If the case had gone the involuntary commitment route, Alexander could have been admitted to a designated treatment facility for up to 21 days. The law requires that within 48 hours of admission, an evaluation shall be conducted. The treatment team may petition the court for an additional 45 days of treatment.

It’s unclear what transpired during the six weeks between Corey Alexander’s treatment hearing and her arrest. Did she walk away from her voluntary treatment, or did she see it through?

In addition to murder and battery, Alexander also is charged with theft of property and breaking or entering. She awaits trial in the Pulaski County Detention Center.

Improving the System

The mental health/behavioral health working group is organizing to tackle seven areas to improve the system. Each reflects a subgroup of legislators focusing on a given issue.

 Access to high-quality services: Focus on the removal of barriers to mental health services, integrated behavioral health services, crisis services and specialty psychiatric emergency care.

 Substance abuse/co-occurring disorders: Focus on access to evidence-

based services for treatment of those in need or with two or more substance-use disorders and mental disorders.

 Rates, regulations, efficiencies and bed availability: Focus on considering the impact of rate changes on the provision of services, look at the opportunity for efficiencies and need for regulations and address the issue of bed availability.

 Suicide prevention: Focus on efforts to prevent suicide through training and recognition of warning signs.

 Services for special populations: Focus on the needs of high utilizers of mental health services, including those unsheltered, with frequent interaction with law enforcement or in transition and crisis.

 Prevention and early intervention: Focus on the services needed to meet mental health needs early (birth through adolescence) and the support services that provide the best opportunity for good mental health.

 Workforce development: Focus on Arkansas’ capability to meet the growing need for mental health services, i.e., addressing the gap between need and providers.

State Rep.
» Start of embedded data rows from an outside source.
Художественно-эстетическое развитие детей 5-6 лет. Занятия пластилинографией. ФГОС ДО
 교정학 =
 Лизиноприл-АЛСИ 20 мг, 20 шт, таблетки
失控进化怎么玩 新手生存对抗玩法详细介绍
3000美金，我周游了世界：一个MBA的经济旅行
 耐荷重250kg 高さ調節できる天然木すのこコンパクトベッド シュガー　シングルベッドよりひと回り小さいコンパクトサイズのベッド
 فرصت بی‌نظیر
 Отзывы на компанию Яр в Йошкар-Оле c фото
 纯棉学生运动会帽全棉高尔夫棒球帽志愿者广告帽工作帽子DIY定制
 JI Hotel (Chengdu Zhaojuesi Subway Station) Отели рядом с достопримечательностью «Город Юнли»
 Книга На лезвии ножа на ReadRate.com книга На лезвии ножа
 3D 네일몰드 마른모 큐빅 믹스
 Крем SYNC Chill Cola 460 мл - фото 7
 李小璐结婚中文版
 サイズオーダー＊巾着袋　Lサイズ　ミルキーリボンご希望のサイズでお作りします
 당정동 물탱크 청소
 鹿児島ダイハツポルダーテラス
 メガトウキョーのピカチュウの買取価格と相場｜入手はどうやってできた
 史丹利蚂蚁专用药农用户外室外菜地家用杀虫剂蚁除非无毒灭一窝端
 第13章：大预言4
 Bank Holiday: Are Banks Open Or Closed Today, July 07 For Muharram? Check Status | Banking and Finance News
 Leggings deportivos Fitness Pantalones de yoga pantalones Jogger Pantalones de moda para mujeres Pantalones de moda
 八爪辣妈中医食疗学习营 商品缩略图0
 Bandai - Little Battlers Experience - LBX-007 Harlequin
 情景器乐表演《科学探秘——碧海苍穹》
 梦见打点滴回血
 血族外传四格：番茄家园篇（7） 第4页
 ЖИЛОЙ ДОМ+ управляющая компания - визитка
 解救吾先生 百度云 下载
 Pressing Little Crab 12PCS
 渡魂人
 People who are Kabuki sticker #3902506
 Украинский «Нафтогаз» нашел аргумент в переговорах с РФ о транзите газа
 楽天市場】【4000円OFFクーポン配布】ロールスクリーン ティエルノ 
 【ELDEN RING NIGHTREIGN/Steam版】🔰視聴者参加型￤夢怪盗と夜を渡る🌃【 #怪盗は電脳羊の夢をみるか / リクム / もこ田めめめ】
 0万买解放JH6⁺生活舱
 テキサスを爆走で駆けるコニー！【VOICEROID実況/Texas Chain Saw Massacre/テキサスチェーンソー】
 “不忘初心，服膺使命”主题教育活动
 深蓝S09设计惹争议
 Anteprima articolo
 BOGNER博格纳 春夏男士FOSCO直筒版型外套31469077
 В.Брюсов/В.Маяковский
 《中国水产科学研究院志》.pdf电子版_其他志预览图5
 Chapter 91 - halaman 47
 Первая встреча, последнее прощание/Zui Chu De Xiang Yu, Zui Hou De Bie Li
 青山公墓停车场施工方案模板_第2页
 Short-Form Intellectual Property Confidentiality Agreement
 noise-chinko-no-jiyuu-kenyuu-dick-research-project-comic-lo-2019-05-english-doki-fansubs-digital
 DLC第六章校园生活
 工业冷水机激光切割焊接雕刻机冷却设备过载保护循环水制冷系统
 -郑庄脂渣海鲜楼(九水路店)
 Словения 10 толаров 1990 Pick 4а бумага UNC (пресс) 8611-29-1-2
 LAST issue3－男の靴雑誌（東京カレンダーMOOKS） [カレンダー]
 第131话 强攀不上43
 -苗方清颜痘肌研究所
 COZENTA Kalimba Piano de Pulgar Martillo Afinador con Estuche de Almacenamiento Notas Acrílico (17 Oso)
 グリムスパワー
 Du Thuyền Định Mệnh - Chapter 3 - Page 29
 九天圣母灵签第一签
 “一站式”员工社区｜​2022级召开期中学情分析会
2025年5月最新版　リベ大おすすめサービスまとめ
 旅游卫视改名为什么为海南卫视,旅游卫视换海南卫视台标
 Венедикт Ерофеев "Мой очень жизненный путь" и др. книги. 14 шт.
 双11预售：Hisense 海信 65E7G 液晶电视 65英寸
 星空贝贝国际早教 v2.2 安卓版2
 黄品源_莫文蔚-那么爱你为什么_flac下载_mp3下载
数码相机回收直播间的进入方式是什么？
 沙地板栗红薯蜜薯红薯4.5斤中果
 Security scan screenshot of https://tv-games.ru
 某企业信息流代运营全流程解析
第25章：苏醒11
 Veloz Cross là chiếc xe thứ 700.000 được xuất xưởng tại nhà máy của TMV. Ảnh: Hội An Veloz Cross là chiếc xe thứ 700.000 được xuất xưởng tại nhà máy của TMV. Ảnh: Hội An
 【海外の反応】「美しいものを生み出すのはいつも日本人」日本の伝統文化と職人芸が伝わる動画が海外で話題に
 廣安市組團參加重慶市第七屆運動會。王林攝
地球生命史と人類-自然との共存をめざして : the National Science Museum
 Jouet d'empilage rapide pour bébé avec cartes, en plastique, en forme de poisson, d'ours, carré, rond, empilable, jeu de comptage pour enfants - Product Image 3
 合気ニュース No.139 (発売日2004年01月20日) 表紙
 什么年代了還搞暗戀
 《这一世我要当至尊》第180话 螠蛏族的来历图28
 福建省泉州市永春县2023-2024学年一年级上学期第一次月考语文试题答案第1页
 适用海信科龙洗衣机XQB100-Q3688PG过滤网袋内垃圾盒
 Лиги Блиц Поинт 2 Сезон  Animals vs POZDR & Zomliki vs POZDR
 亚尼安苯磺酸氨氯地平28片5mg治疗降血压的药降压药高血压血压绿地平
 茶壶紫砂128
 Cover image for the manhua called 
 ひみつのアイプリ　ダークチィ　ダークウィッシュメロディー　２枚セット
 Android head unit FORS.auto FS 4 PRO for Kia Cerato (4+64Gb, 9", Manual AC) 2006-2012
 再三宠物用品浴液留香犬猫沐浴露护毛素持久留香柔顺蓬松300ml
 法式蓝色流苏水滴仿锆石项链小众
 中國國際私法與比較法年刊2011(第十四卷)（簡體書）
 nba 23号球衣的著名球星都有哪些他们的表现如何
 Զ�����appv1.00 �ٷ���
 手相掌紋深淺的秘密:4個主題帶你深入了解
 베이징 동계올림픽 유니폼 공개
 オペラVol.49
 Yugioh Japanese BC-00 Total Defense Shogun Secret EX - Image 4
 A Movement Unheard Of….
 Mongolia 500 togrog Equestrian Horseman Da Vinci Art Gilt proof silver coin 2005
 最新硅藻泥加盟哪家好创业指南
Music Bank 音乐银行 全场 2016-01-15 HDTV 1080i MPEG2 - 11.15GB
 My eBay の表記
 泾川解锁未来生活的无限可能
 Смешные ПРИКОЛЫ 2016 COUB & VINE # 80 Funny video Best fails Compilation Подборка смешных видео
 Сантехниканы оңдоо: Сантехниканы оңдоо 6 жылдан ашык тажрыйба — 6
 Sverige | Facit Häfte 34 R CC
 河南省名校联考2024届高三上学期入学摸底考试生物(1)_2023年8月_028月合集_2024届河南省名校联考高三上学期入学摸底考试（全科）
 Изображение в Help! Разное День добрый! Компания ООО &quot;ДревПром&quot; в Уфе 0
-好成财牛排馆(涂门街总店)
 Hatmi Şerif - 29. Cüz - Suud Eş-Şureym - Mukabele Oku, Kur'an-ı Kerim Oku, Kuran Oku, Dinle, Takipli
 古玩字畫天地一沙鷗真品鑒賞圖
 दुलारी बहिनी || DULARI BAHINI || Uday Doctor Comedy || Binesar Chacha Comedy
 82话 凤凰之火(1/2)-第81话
Nicole Clowney, D-Fayetteville, is one among many legislators participating in the group from around the state.

“Hopefully, we’ll do better by our people,” Clowney said of the need to improve mental health laws and policies. “It’s a crisis in Arkansas and only getting worse. We’ve got to do something to intervene.”


Slain father had his hand in more than a few business ventures

Raymond Alexander’s obituary noted his involvement with a variety of businesses during his life. He and his father established Alexander Inc., touted as the first automatic transmission rebuilder west of the Mississippi River.

The 83-year-old also was credited with helping found the Electric Cowboy, Advance Fiberglass Inc., FIB-R-DOR Inc. and Action Industrial Contractors.

In addition to those entries, he played an important role in the formation of Acadian Technologies, a custom fiberglass manufacturer in North Little Rock now run and owned by his son, R. Bryce Alexander.